→ Task description:
Using the listing below, output only the lines from the one that contains "BlackHawk HPFU Uniform" through the one that contains "Unisex Lightweight Windbreaker Jacket", inclusive, exactly as given and without images.

→ Data for review:
== Segment start ==
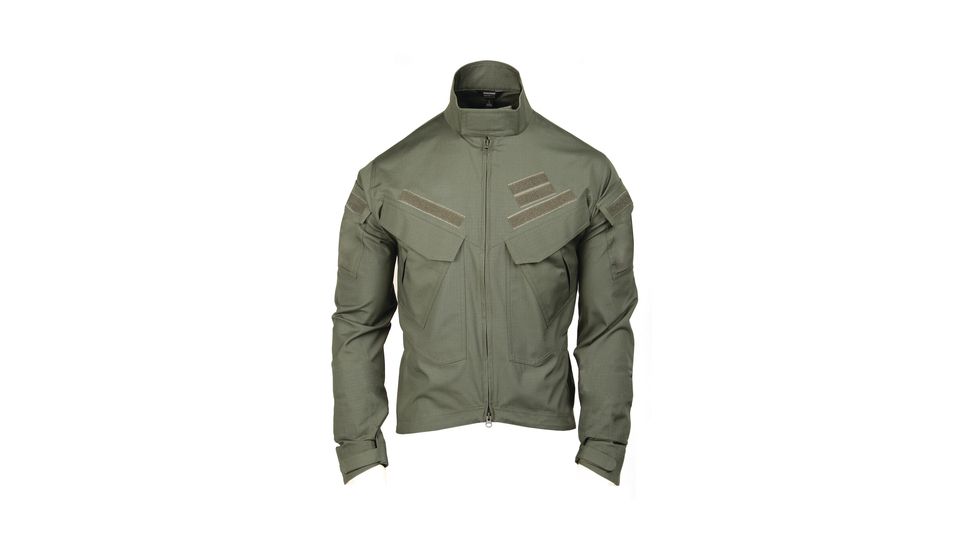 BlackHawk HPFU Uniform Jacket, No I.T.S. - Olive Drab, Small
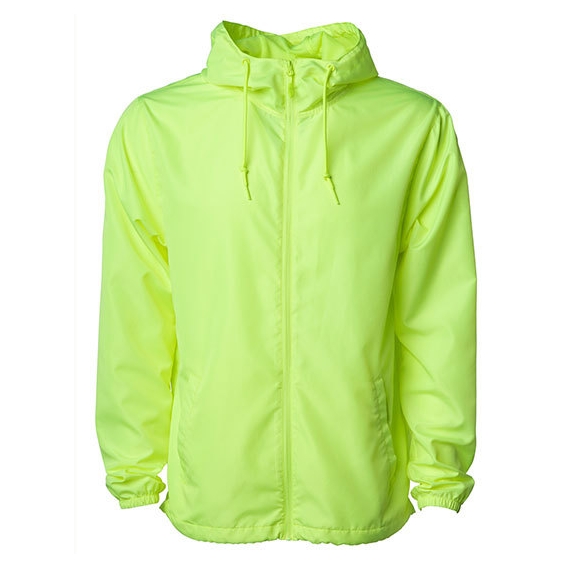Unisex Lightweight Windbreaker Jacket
== Segment end ==
== Segment start ==
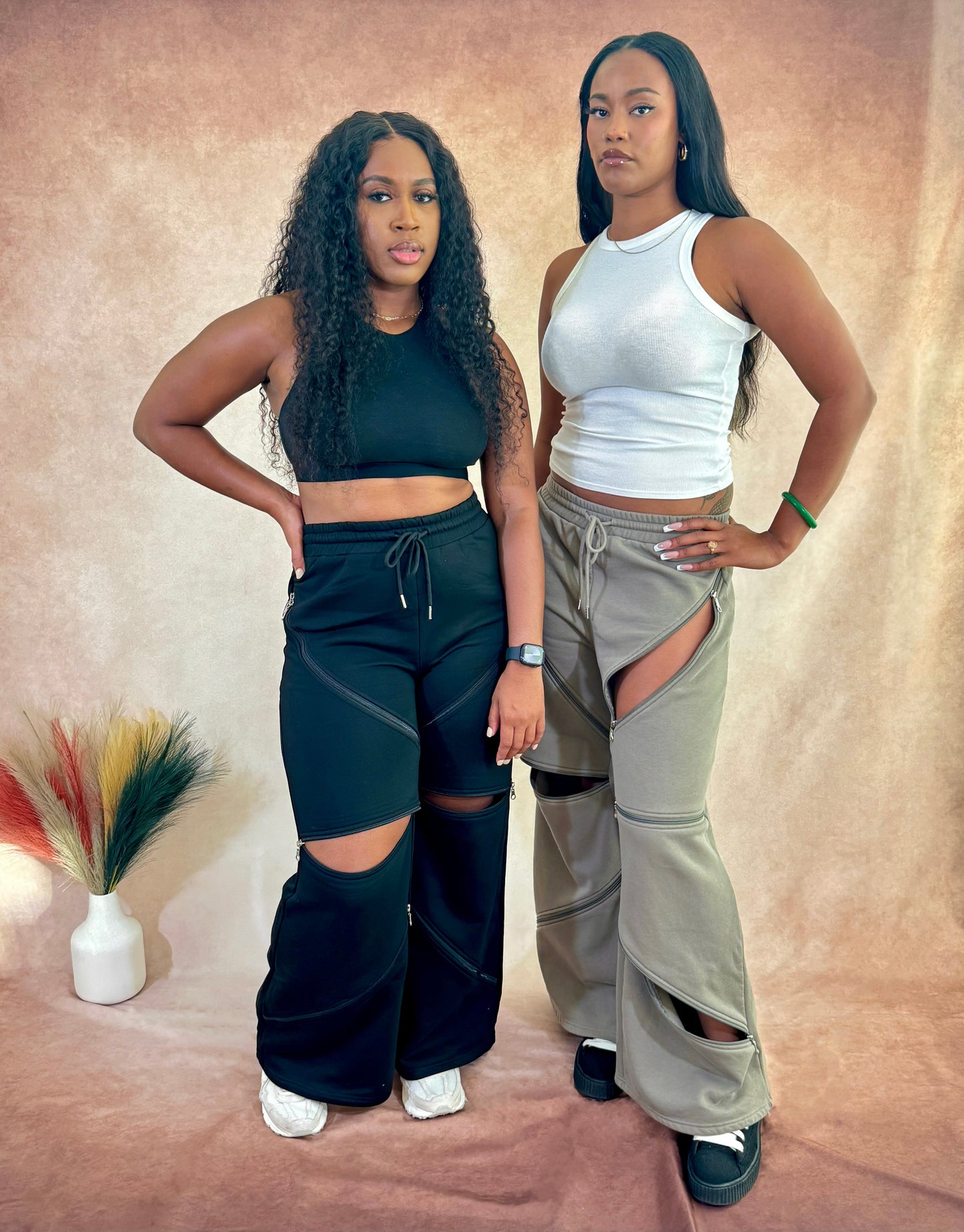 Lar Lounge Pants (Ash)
== Segment end ==
→ Reply to the exercise:
 BlackHawk HPFU Uniform Jacket, No I.T.S. - Olive Drab, Small
Unisex Lightweight Windbreaker Jacket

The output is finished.